From the Harvard Business Review:
It’s tough to find examples of successfully challenging the boss,
even tougher to find stories of leaders who specifically ask to be
challenged. The most common is a tale of Alfred P. Sloan at General
Motors. During a meeting in which GM’s top management team was
considering a weighty decision, Sloan closed the meeting by asking.”
“Gentlemen, I take it we are all in complete agreement on the decision
here?” Sloan then waited as each member of the assembled committee
nodded in agreement. Sloan continued, “Then, I propose we postpone
further discussion of this matter until our next meeting to give
ourselves time to develop disagreement and perhaps gain some
understanding of what this decision is about.”
What Sloan was looking for was something many of us seek to
eliminate: dissent. There’s a lot of discussion on how leaders ought to
cast a vision, gain buy-in, or steer a group to consensus. There’s a lot
less discussion on how leaders ought to cultivate a culture that values
the right kind of criticism.
That criticism is what Sloan was looking
for, and what research tells us we need in order to make the best
decision.
When ideas are still being developed or decisions still being
considered, criticism and constructive conflict are vital to testing the
value of the ideas and helping increase that value. Conflict is an
indicator that diverse viewpoints are being considered and that the
competition for ideas is still ongoing. During this competition, ideas
are strengthened through further research, consideration or through the
blending of different ideas into one stronger concept. By contrast, when
everyone in a group always agrees, it can indicate that the group
doesn’t have very many ideas, or that they value agreement more than
quality suggestions.
In one study of conflict and decision-making, participants were
divided into three experimental conditions (control, brainstorming, and
debate) and formed into teams within those conditions. Each team was
tasked with generating ideas for the same challenge: how to reduce
traffic congestion in the San Francisco Bay area. The “control” teams
were given no further instructions and told to develop as many ideas as
possible. The “brainstorming” teams were given the traditional set of
brainstorming rules, chief among those rules was the notion that all
judgment should be suspended and no idea criticized or debated.
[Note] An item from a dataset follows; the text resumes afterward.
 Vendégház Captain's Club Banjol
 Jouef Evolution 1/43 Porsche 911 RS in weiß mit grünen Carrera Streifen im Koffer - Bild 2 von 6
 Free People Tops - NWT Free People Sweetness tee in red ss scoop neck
The
final, “debate” teams were given a set of rules similar to the
“brainstorming” teams but with one important difference. Instead of
deferring judgment, they were told to debate and criticize others’ ideas
as they were generated.
When the results were calculated, the winners were clear. While teams
in the brainstorming condition did generate more ideas than the teams
given no instructions, it was the teams in the debate condition that
outperformed the rest, producing an average of 25 percent more ideas
than the other two conditions in the same period of time. Even after the
teams had disbanded, the influence of criticism on generating ideas
continued. In follow-up interviews with each subject, researchers asked
the participants if they had any more ideas for solving the traffic
problem. Each participant from the control and brainstorming conditions
did have one or two more ideas, but participants in the debate condition
gave an average of seven additional ideas per person. Teams that
utilized conflict in their process consistently outperformed teams that
focused on cohesion. In a summary of the study’s results, the
researchers write “Our findings show that debate and criticism do not
inhibit ideas but, rather, stimulate them relative to every other
condition.” The researchers had discovered what Sloan seemed to already
know, that cultivating criticism and dissent could yield more quantity
of ideas, and that quantity could help make better quality decisions.
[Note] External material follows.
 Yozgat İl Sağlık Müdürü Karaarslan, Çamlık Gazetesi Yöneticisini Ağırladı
Sloan wasn’t the first to recognize that dissent and criticism could
help strengthen decision. One organization has been doing it for
centuries: the Catholic Church. Starting with Pope Sixtus V in 1587, the
Catholic Church assigned one special dissenter to find and present
reasons for why nominated candidates should not be canonized as saints.
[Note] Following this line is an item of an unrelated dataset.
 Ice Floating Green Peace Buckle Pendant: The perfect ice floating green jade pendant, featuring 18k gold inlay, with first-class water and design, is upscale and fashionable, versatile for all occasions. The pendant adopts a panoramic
This person was referred to as the Defender of the Faith, or more
commonly the “Devil’s Advocate.” Taking special care to consider a
dissenting view provided an alternative perspective that strengthened
their decisions. From 1857 to 1983, when the Devil’s Advocate policy was
removed, 98 individuals were named saints. From 1983 until today, over
500 hundred people have been granted sainthood. While it’s difficult to
compare the quality of decisions before and after the reform, the impact
of the policy on the Church’s decision-making process is clear.
If assigning a lone dissenter to be the bearer of bad tidings may not
suit your team, consider the technique used by a notable but vastly
different organization: Pixar. During the long process of creating a
blockbuster film, the teams at Pixar rely on criticism to make their
work stronger. To keep the benefits of criticism without the negativism,
Pixar uses an idea called “plussing.” Plussing means that anytime
someone comments on another work, that comment must contain a “plus” — a
way to improve or build on the work. Plussing gives the director or
animator something they need besides just a critique, it gives them a
place to build from and improve their work. Through plussing, Pixar has
found a formula for keeping criticism positive, while positively
improving the quality of their work.
Whether you rely on centuries old techniques like the devil’s
advocate, new methods such as plussing, or just choose to postpone
meetings until someone brings in a counterpoint, your teams will make
better decisions when you cultivate a little positive criticism.